HC Deb 30 April 1996 vol 276 cc913-4 'In section 13 of the Leasehold Reform, Housing and Urban Development Act 1993 (notice by qualifying tenants of claim to exercise right to collective enfranchisement) subsection (6) (tenants to obtain professional valuation of interests proposed to be acquired before giving notice) shall cease to have effect.'.—[Mr. Clappison.]

Brought up, and read the First time

3.58 pm
The Parliamentary Under-Secretary of State for the Environment (Mr. James Clappison)

I beg to move, That the clause be read a Second time.

Madam Speaker

With this, it will be convenient to discuss Government amendments Nos. 21 to 25.

Mr. Clappison

These amendments arise from considerations in Committee, when the Government undertook to give further consideration to the position in respect of the current statutory requirement that leaseholders in blocks of flats who want to exercise their right to collective enfranchisement must first obtain a professional valuation of the interest that they want to acquire.

The original purpose of the provision was as a safeguard for leaseholders. The process for collective enfranchisement can often be complicated, and that is especially so when a large number of leaseholders are involved. Normally, they will be required to enter together into some form of participation agreement, in order for negotiations with the freeholder to proceed. From the outset, it seems sensible that they should be informed of their likely financial commitments arising out of potential enfranchisement.

However, the Government have considered carefully the arguments that were put forward during deliberations in Committee, and we have accepted that they carry some weight. In most cases, it would still seem prudent for leaseholders to take professional advice at an early stage. However, we accept that not every case will be as complicated as others and that there should be more flexibility in the avenues open to leaseholders. For example, they may be able to take advantage of advice offered by the Leasehold Enfranchisement Advisory Service. In addition, several leasehold valuation tribunal decisions are now available and a number of groups representing leaseholders have gained substantial experience and can often help in that area.

I accept that a statutory requirement to seek an initial valuation does not apply to the enfranchisement of houses and to lease extensions. Although collective enfranchisement for blocks of flats can be more complicated, there is an anomaly in that respect. I also understand that the removal of that requirement is supported by a number of leaseholder groups, which believe that it involves them in unnecessary expense. Therefore, the Government accept that there is a danger that the provision is over-prescriptive.

New clause 10, together with the related consequential amendments, will remove that requirement from the collective enfranchisement procedures set out in the Leasehold Reform, Housing and Urban Development Act 1993

Mr.NickRaynsford (Greenwich)

As the Minister has made clear, new clause 10 removes the requirement of a leaseholder to obtain a valuation before he can proceed with an enfranchisement claim. This new clause is in response to a new clause that the Labour party moved in Committee, which had a similar effect. In Committee, the Minister said that he was unconvinced by the need for it, but he agreed to reflect on the issue.

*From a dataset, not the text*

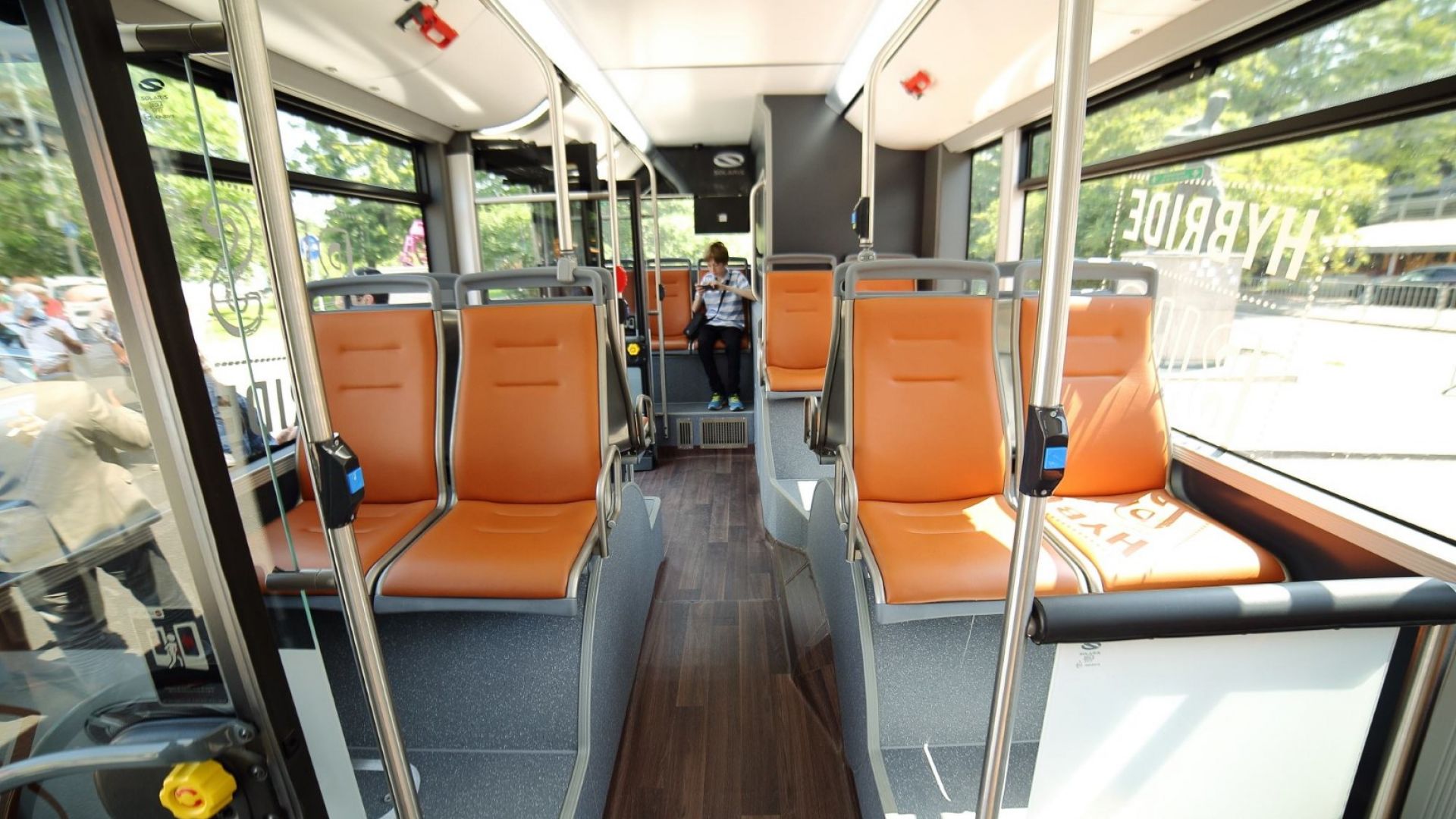 Проблемът с извънредния труд в столичния автотранспорт излезе на дневен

We are delighted that the Government, on mature reflection, have concluded that our proposals were appropriate and that they have now come forward with this reform. We welcome it, like many other leasehold reform measures that we moved in Committee. We know that they are worth while, that they will assist leaseholders and that they will help to make a reality of leasehold enfranchisement. We shall be delighted to see this new clause added to the Bill.